Google has turned SPF validation on.
Here's an example how this breaks forwarding:
Let's say I create an e-mail address (let's call it family@mydomain) that is forwarded to multiple people, and one of them has a gmail account, all mail sent from domains with a hard fail policy to this address will bounce.
The three people with an icloud address will get it (because icloud doesn't do SPF checks yet), but the fourth and fifth recipient with a gmail address will not get it, and the sender will receive two bounces.
If you run your own domain, and want to use multiple virtual aliases for it, but forward everything to a domain that does SPF checks, all mail from sender domains with a hard fail policy will bounce.
So yes, for mail delivery to fail, both the final receiver domain needs to do SPF validation, and the sender domain needs to have a hard fail policy, but there are enough of those to make mail forwarding useless.

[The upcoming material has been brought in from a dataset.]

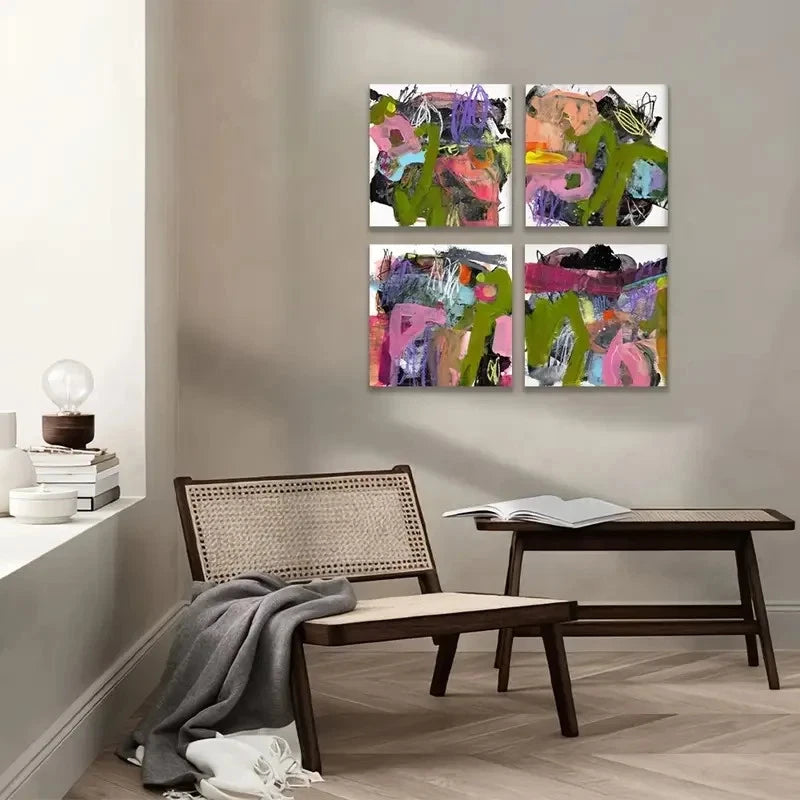 4pcsSmall Mini Digital Abstract Painting Wall Art Canvas Framed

Apparently there is a solution to this, at least if the forwarding server is running postfix, and that is to install postsrsd, but I haven't had time to implement and test that yet.
The hotfix was just to not allow any virtual addresses that forward to domains (like gmail) that do SPF checks. But that's also bad because I have no control over when a new target domain starts to implement them. Bottom line: SPF is making my life worse, not better. Apparently one of its main purposes is to help with backscatter from spam, but there are other ways to deal with that that don't require breaking forwarding.